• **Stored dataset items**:
########################################
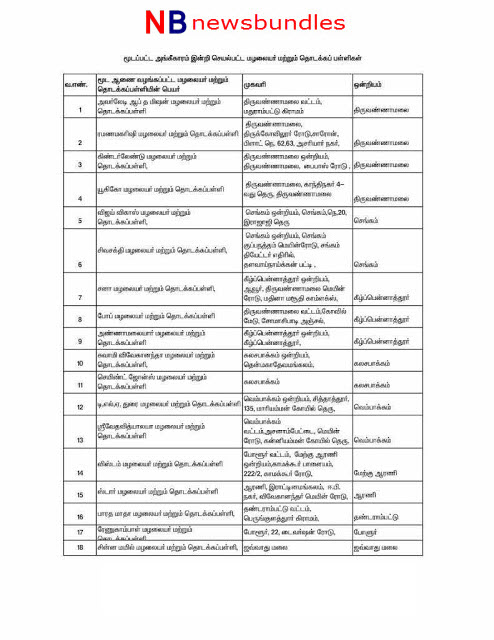 திருவண்ணாமலை மாவட்டத்தில் அங்கீகாரமின்மையால் மூடப்பட்ட தனியார் நர்சரி பள்ளிகள் பட்டியல்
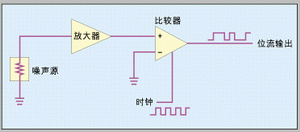 圖1：直接放大技術中噪聲源經過定時比較器的放大和限幅，產生一個隨機數序列。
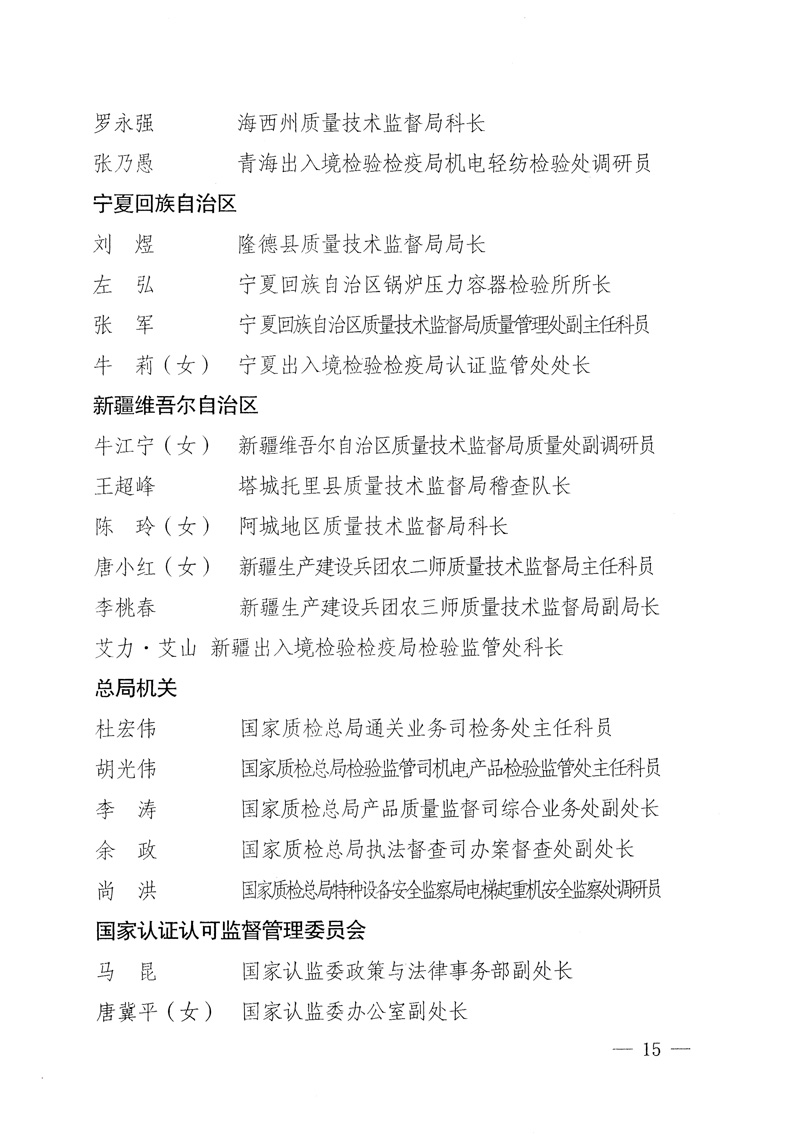 國家質(zhì)量監(jiān)督檢驗檢疫總局《關(guān)于表彰全國質(zhì)檢系統(tǒng)“質(zhì)量和安全年”活動先進單位和先進個人的決定》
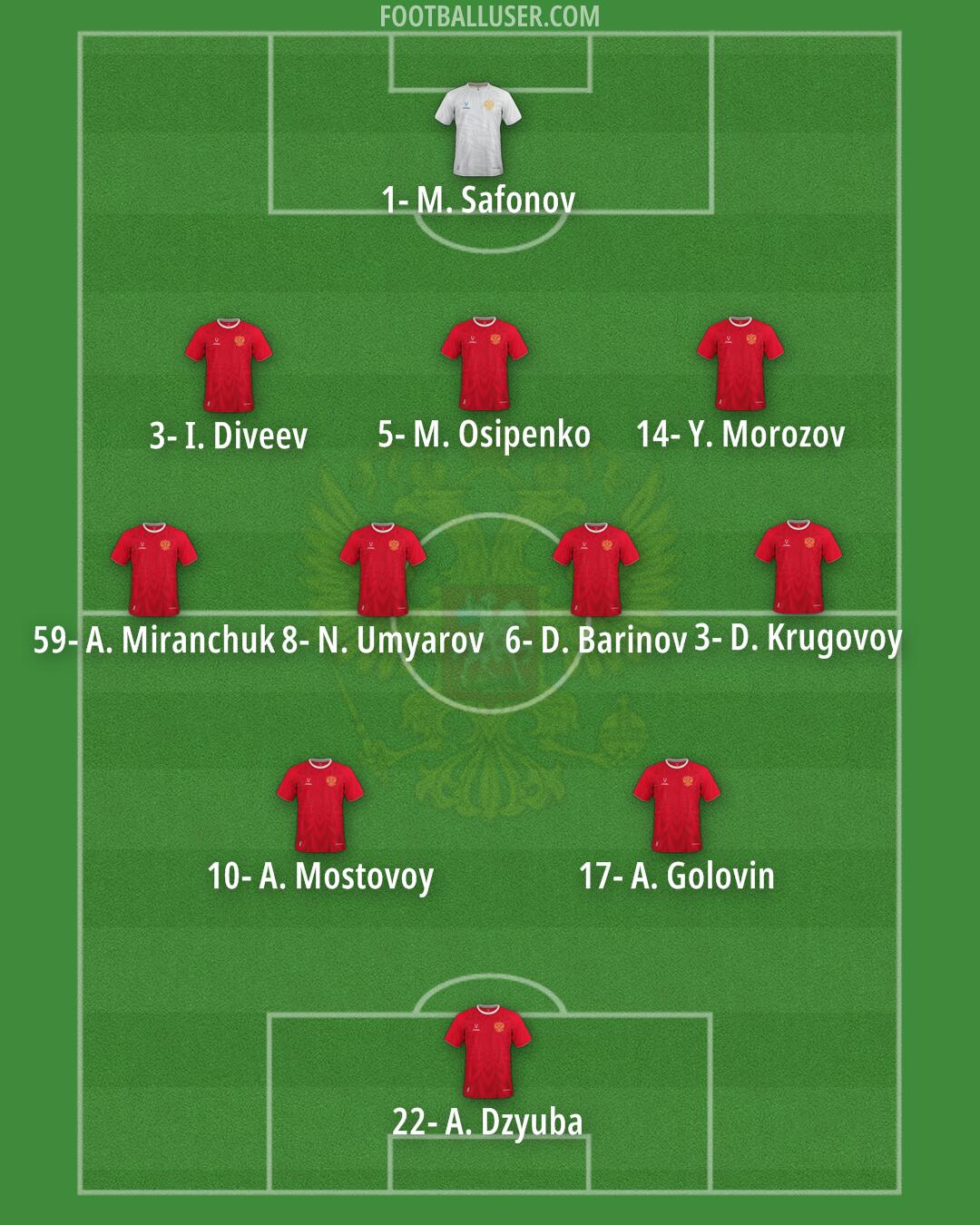 Russia Formation 2025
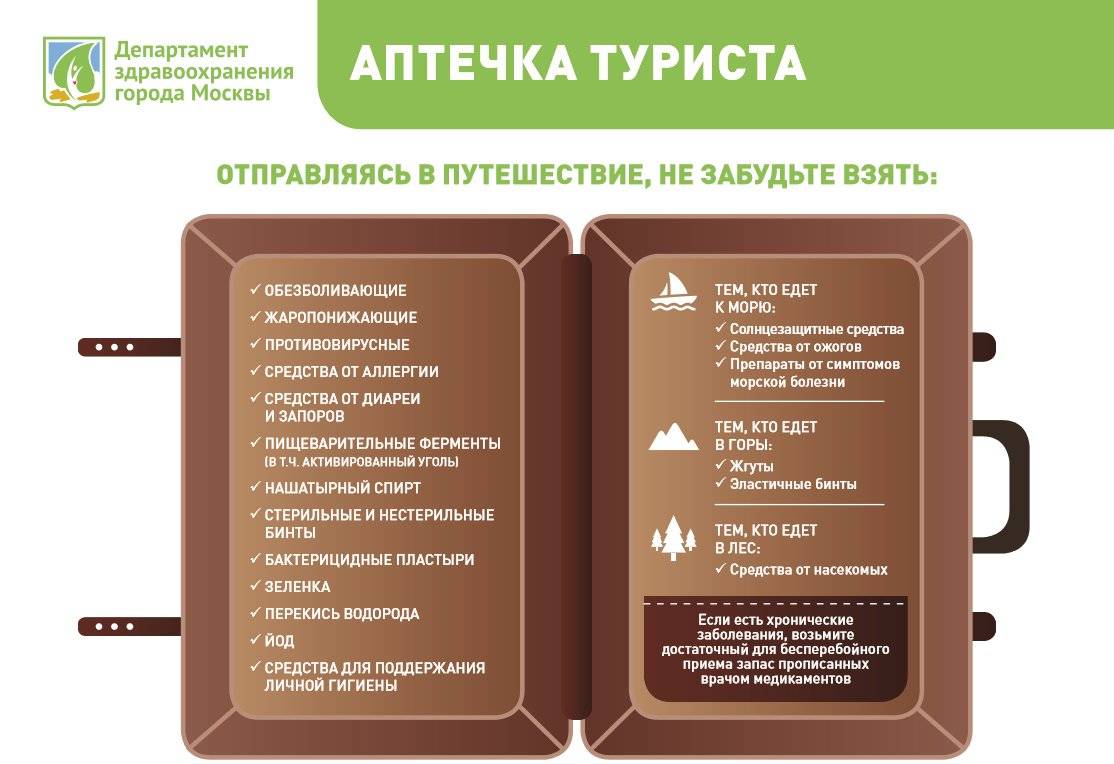 Что взять в поездку в турцию. Аптечка путешественника. Необходимые лекарства в путешествие. Лекарства с собой в поездку. Список лекарств в дорогу.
########################################
Copy out the entries exactly. No pictures.

 திருவண்ணாமலை மாவட்டத்தில் அங்கீகாரமின்மையால் மூடப்பட்ட தனியார் நர்சரி பள்ளிகள் பட்டியல்
 圖1：直接放大技術中噪聲源經過定時比較器的放大和限幅，產生一個隨機數序列。
 國家質(zhì)量監(jiān)督檢驗檢疫總局《關(guān)于表彰全國質(zhì)檢系統(tǒng)“質(zhì)量和安全年”活動先進單位和先進個人的決定》
 Russia Formation 2025
 Что взять в поездку в турцию. Аптечка путешественника. Необходимые лекарства в путешествие. Лекарства с собой в поездку. Список лекарств в дорогу.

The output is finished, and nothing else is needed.